2014年7月31日木曜日

鹿、ザ・ワイルド



「ワイルドだなあ」

ドキッとした。背中越しに聞こえてきたその言葉に、エヴァンジェリスト氏は、ドキッとした。

「アオニーお前、今日、ワイルドだなあ」

「そうですかあ?」

通りすがりに声をかけて来た上司の上司の上司の上司であるコニャニャチワ氏に、アオニーこと、アオニヨシ君が答えた。

「ワイルドだよお」

コニャニャチワ氏は拘る。

「いや、ホント、ワイルドだぜえ」

「ま、いいですけど」

ブフっ!思わず笑って振り返った。会社でアオニヨシ君と背中合せの席に座るエヴァンジェリスト氏が、笑うというか、吹き出した。

「ワイルド...ブフっ!」

コニャニャチワ氏は、エヴァンジェリスト氏が何故吹き出したか分からないまま、その場を離れた。

「ワイルドかあ。いいねえ」

エヴァンジェリスト氏は、満面の笑みでアオニヨシ君に話しかけた。

「あの人は気づいたのか?いや、そうとは知らずに感じたままを云ったんだろう。知らないんだろうなあ、君が...であることを」
「しっ!それは秘密だろ?」
「そうなんですか?」
「みんな、うすうす気づいてるとは思うが」
「気づいてますか?」
「そんなことはアナタ以外の人からは云われませんよ」
「それにしてもウケるよなあ」
「ワイルドがそんなに面白いですか?」
「だって、鹿だぜ。鹿は大体が野生、つまりワイルドだろ」
「ふーん、なるほど」
「元々ワイルドな(野生な)相手に、『今日はワイルドだ』って云うか、普通」
「髪を切ったので、ワイルドに感じただけじゃないっすか」
「この際、改名したらどうだ?」
「改名?ああ、杉アオニヨシですか」
「うっ」
「アナタ、単純ですね。
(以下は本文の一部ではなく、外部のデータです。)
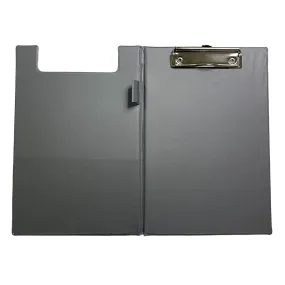A5 Foldover Clipboard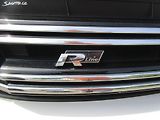 Volkswagen Tiguan 1,4TSI-90KW- NOVÉ ROZVODY - náhled 19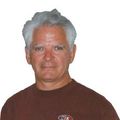 Réjean Dessureault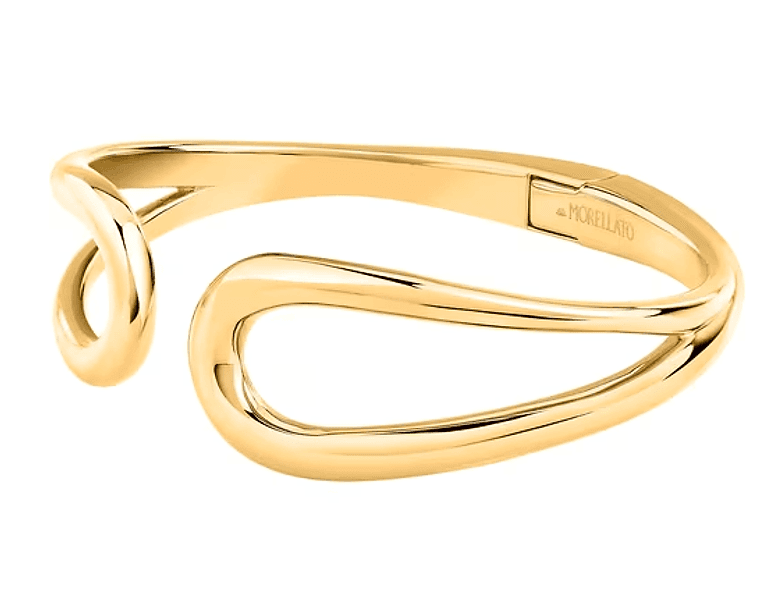 MORELLATO  - BRACCIALE  DESIGN - 3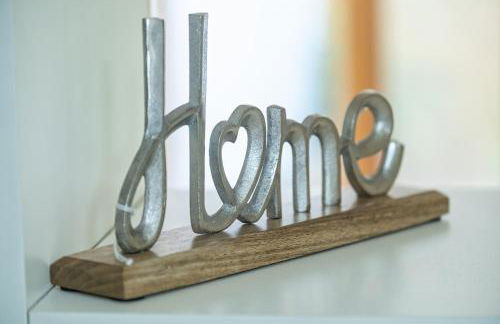 Charming family house in High Wycombe - Foto 7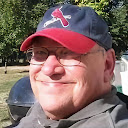 Rod Williamson
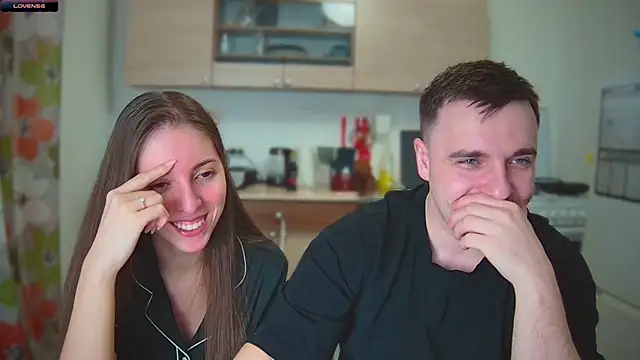 fcjuicy pussy online show from 01.15.25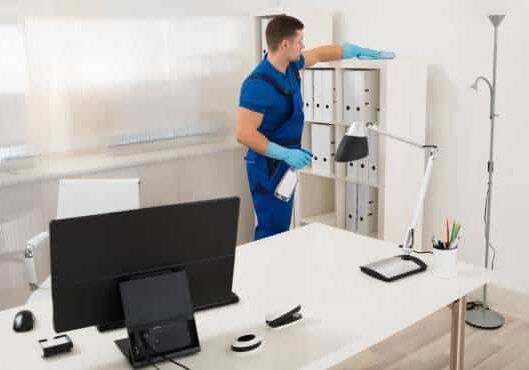 Medical-Office-Cleaning-Companies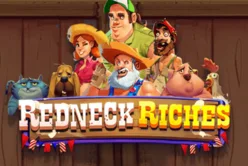 Redneck Riches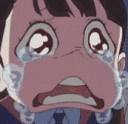 :akko_sob: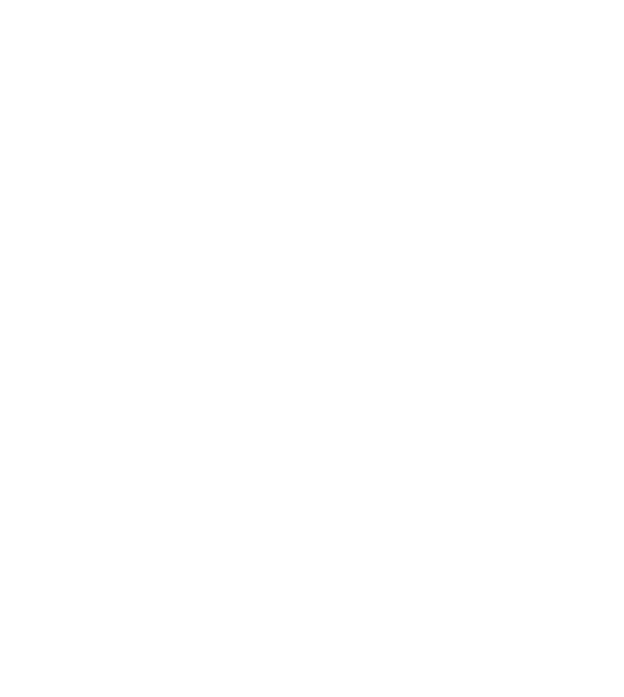 Pentry Logo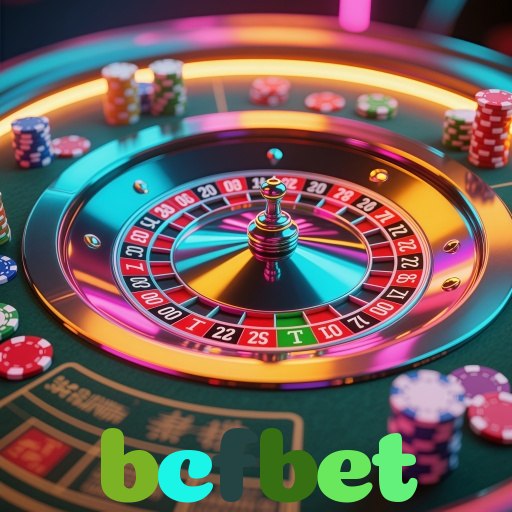  bcfbet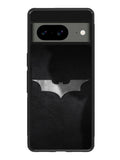 Batman Logo 3rd Google Pixel 8a Case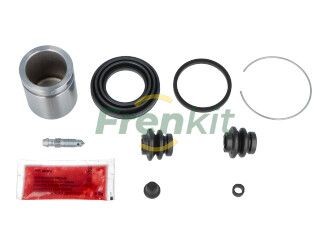 FRENKIT Reparasjonssett, bremsecaliper 238954 Bremsecaliper reparasjonssett FRENKIT ES 238954 billige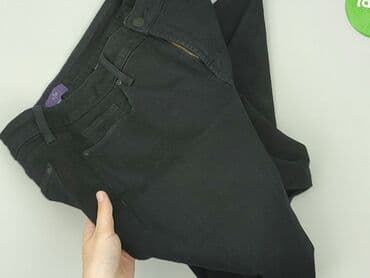 legginsy kolarki: Jeans for women, size M (EU 38) — 7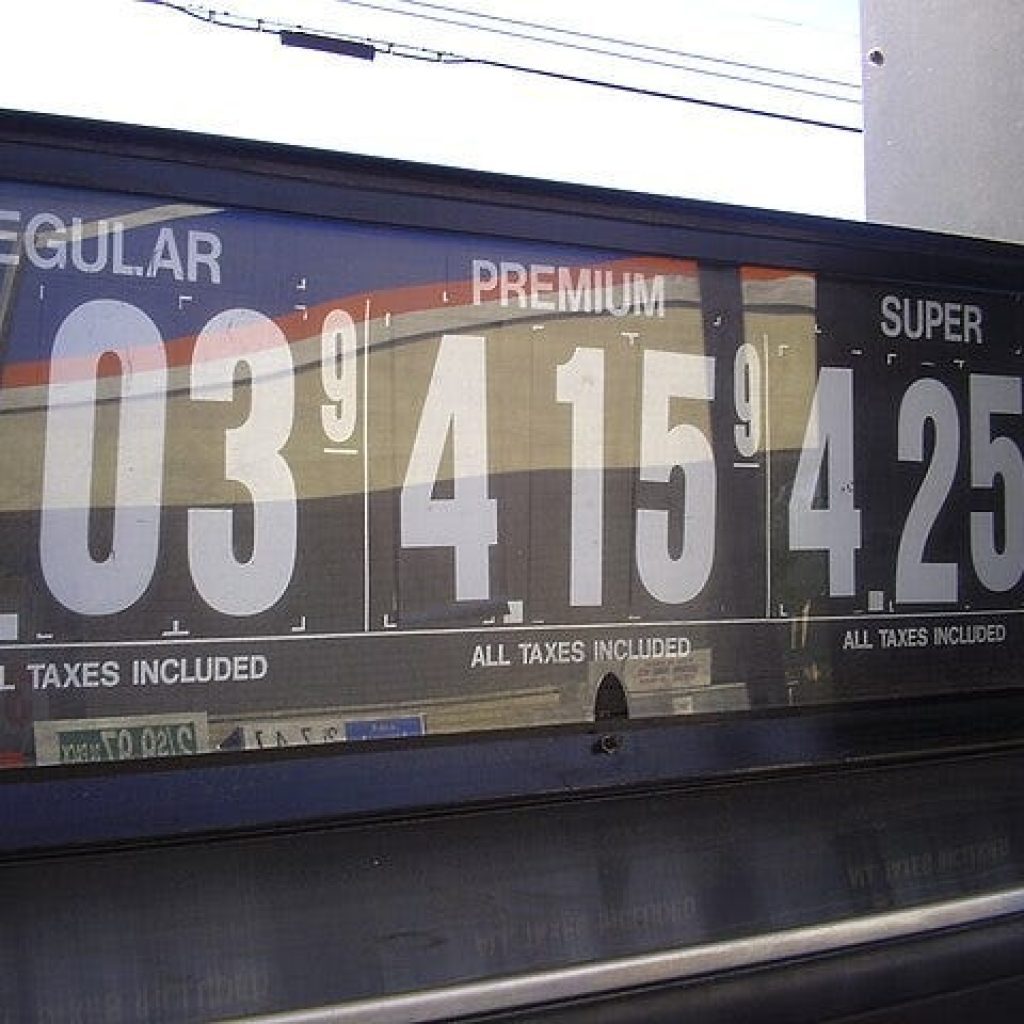 Affordability Takes a Back Seat to World War Epstein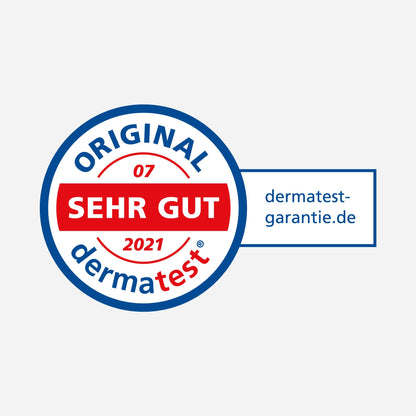 Timeshift Anti-Aging Serum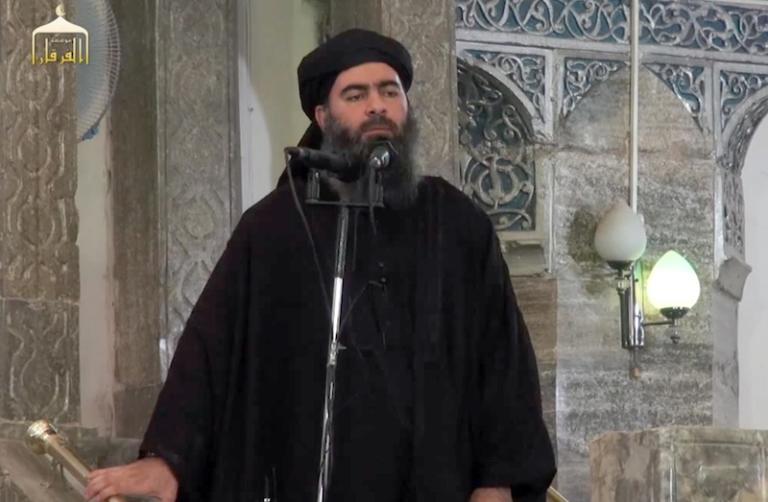 Il capo dell’Isis al-Baghdadi si è fatto esplodere? Trump: «È successo qualcosa di enorme»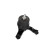 Engine Mount EEM-9304 Kavo parts, Thumbnail 5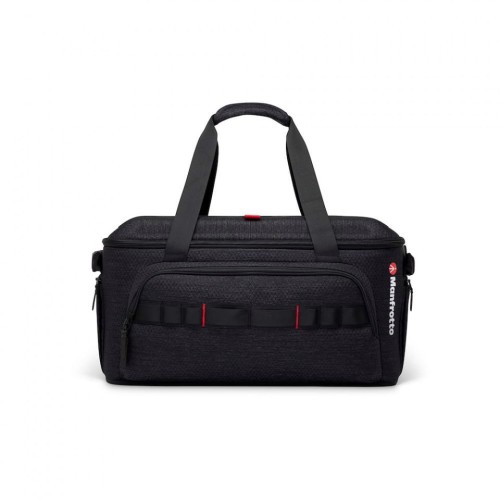 Torba-Pro-Light-Cineloader-Medium-1.jpg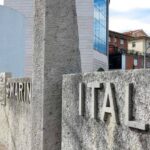 Patenti sul Titano, la Gazzetta dello Sport dedica un ampio articolo al Titano e ai benefici dei suoi neopatentati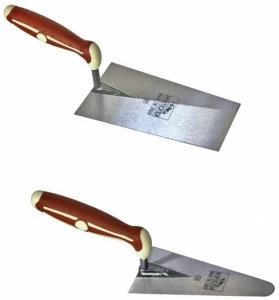 RAIMONDI Мастерок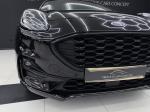 ford-puma-2022-gasolina-998cc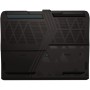 Ноутбук MSI Vector 16 HX AI A2XWHG-224XUA (9S7-15M352-224)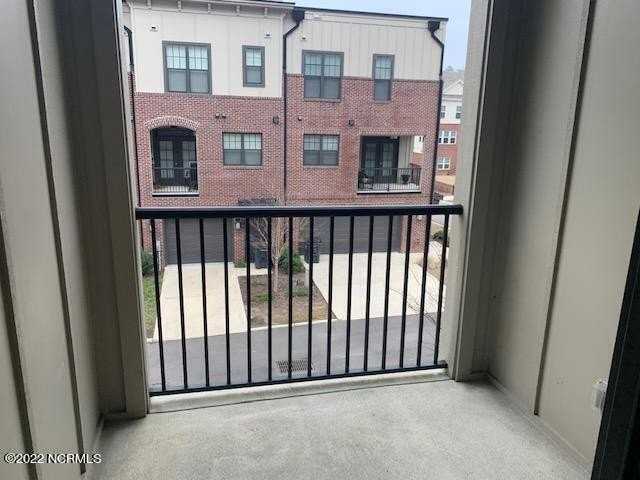 25 Brownstone Ln - Photo 6 of 18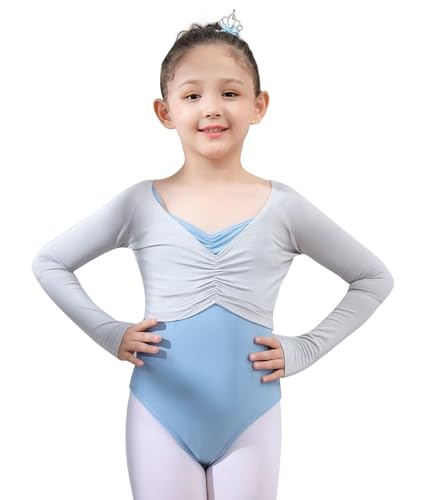 [flexdans] qp_XV[ oGZ[^[ Ĕ̃R[gȃV[  ɗD _Xpi oGK g90-160cm 9103 GREY 150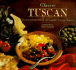 Classic Tuscany: Traditional Food From the Poular Italian Region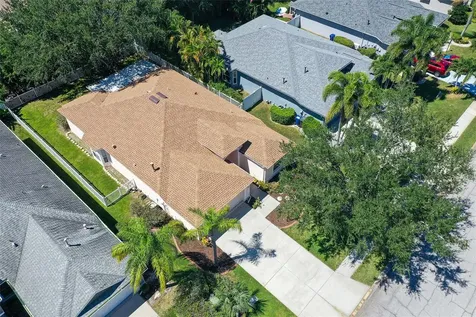 6734 W Country Club Lane Sarasota FL 34243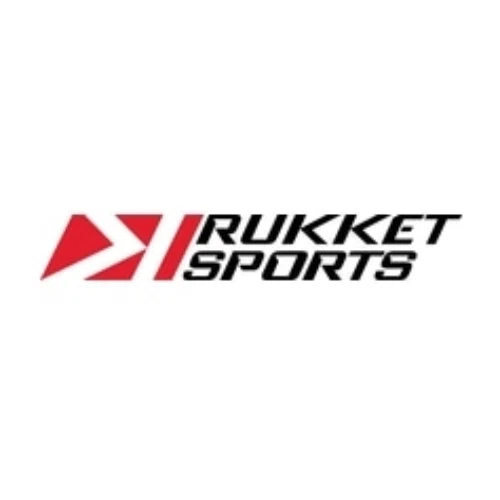 Rukket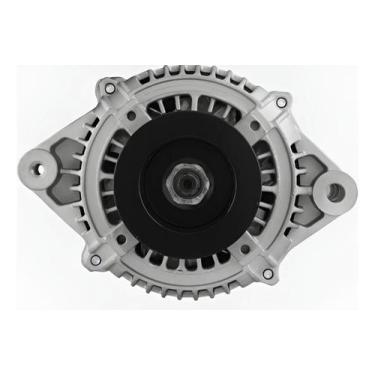 Imagem de Alternador John Deere 12v 140a 10125 - DITA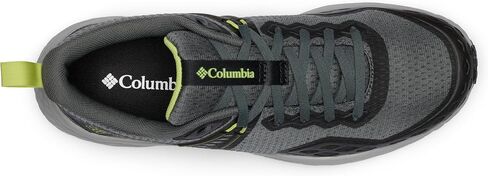 Columbia Men's Konos TRS Shoe in Kuwait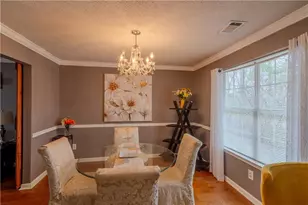 3493 Cameo Ct, Snellville, GA 30039 - Photo 13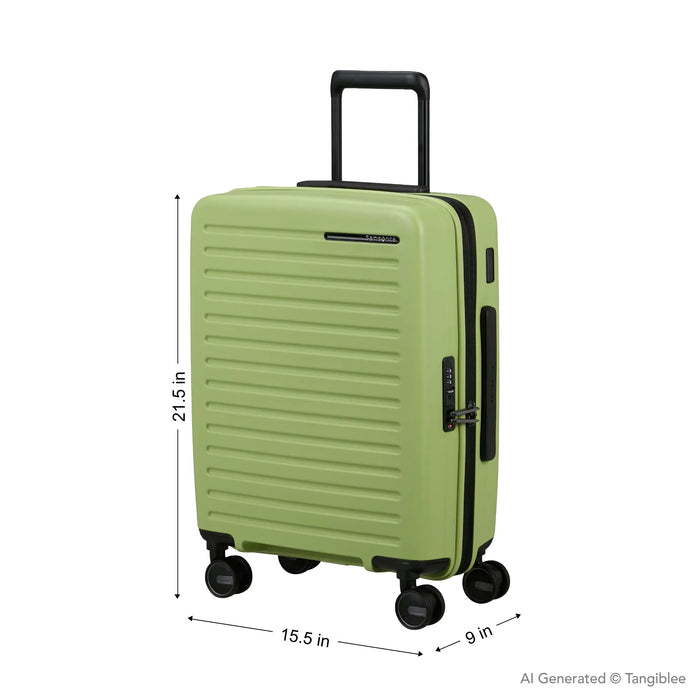 Samsonite RestackD Spinner Carry-On™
『ワイルド』だから、『スギちゃん』ってね」
「いや、まあ、そのお」
「なんなら、『アミューズオーディションフェス2014』に応募しましょうか?」
「な、な、何故、そのことを知っている?」
「『鹿』部門に応募しましょうか?(参照:『鹿』が応募?!...アミューズオーディションフェス2014』。

アオニヨシ君に畳込まれ、エヴァンジェリスト氏はたじろいだ。

「キー!」

親子程、いや親子以上に歳の差があるエヴァンジェリスト氏をやり込め、勝ち誇るようにアオニヨシ君が鳴き声のようなものを上げた(参照:【続・足底筋膜炎】バラクとジョンウン、そして、エヴァンジェリスト氏)。

...と、エヴァンジェリスト氏の眼が光った。

アオニヨシ君の体のある部分を見つめ、一瞬だが眼を光らせた。そのことにアオニヨシ君は気付かなかった。